Les lendemains d’élections européennes sont difficiles pour un homme de gauche…
Ses divisions, incompréhensibles au niveau qu’on a connu, ne sont pas la seule cause de sa débâcle. Et je crains que ses composantes se cachent derrière cet alibi pour ne pas analyser sereinement et complètement ses résultats.
Les gilets jaunes, à l’origine d’une crise inédite, semblent s’être reportés majoritairement sur le vote Rassemblement national parce que la gauche n’a pas compris ce qui se jouait symboliquement sur les ronds-points.
Le résultat intervient alors que je viens de lire le numéro 5 de la petite édition baptisée Tracts de Gallimard. Il est l’œuvre de Danièle Sallenave, sous le titre Jojo, le gilet jaune. Il doit être apprécié comme une contribution à la réflexion de la gauche sur son avenir et sur celle de notre pays.
L’académicienne n’a rien perdu de sa verve et n’a jamais renié ses origines ; elle est de cette gauche radicale qui ne supporte plus le mégalomaniaque Jean-Luc Mélenchon et qui ne se résigne pas à voir le Rassemblement national ou Emmanuel Macron parader en tête des élections.
En revanche, elle a éprouvé un élan de sympathie pour le mouvement des gilets jaunes pour ce qu’il portait en lui de symbolique : « Un profond sentiment de connivence et de participation, sociale, politique, qui, à travers le mouvement des gilets jaunes, s’adressait à ceux dont je viens, petit peuple de journaliers agricoles, vignerons, artisans, ouvrières d’imprimerie, qui ont voulu que leurs enfants soient de petits fonctionnaires, des cheminots, des instituteurs (mes parents) pour échapper à la précarité. »
Danièle Sallenave marque sa réprobation après les dérives de quelques groupes (slogans sexistes, homophobes, propos et attaques antisémites, scènes d’incendies et de destructions) qu’elle juge insupportable.
Mais son analyse va bien plus loin que cela.

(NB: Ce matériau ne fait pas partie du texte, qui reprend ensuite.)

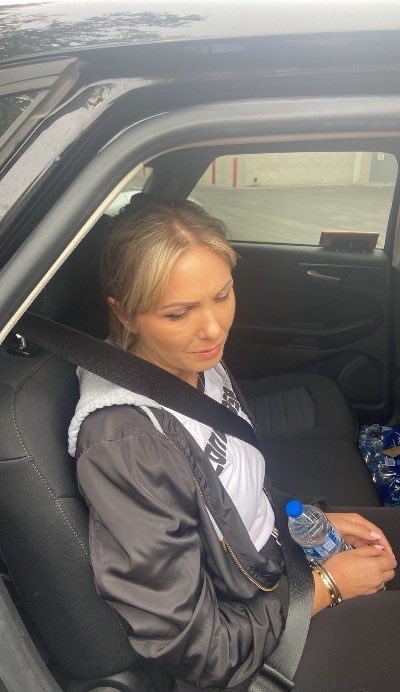 Victoria Sorocean, a woman wanted for murder, seated in the back of a vehicle with a seatbelt on and holding a water bottle.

Pour elle, la rage sociale était prévisible à force de fins de mois difficiles, de rejet à la périphérie des villes et de fracture culturelle, d’absence dans les médias et dans les instances élues de décision…
La gauche (la vraie et pas celle qui se sent des affinités avec Macron) n’a pas suffisamment pris conscience de ce qui se jouait sur les ronds-points ; la rage du peuple d’en bas ne doit pas être circonscrite aux seuls gilets jaunes ; la crise est bien plus profonde, dans les banlieues, dans les usines (celles qui ferment et celles qui continuent en précarisant les ouvriers), dans les supermarchés, à la SNCF en voie de privatisation, à l’école, au collège, au lycée et à l’université, tous malmenés, dans les zones rurales abandonnées par les services publics, etc.
Le désespoir est grand. Les partis de gauche n’ont pas su (pour certains) ou pas voulu (pour d’autres, un moment invités à abandonner l’électorat qui souffre) voir la réalité. Son électorat s’abstient ou vote pour un mouvement fascisant.
Les gilets jaunes ont profité davantage à Marine Le Pen et, aujourd’hui, ils ont sans doute précipité un peu plus la gauche dans la crise.
Danièle Sallenave conservera toute sa sympathie pour le mouvement, mais elle interpelle sa famille politique en espérant son sursaut.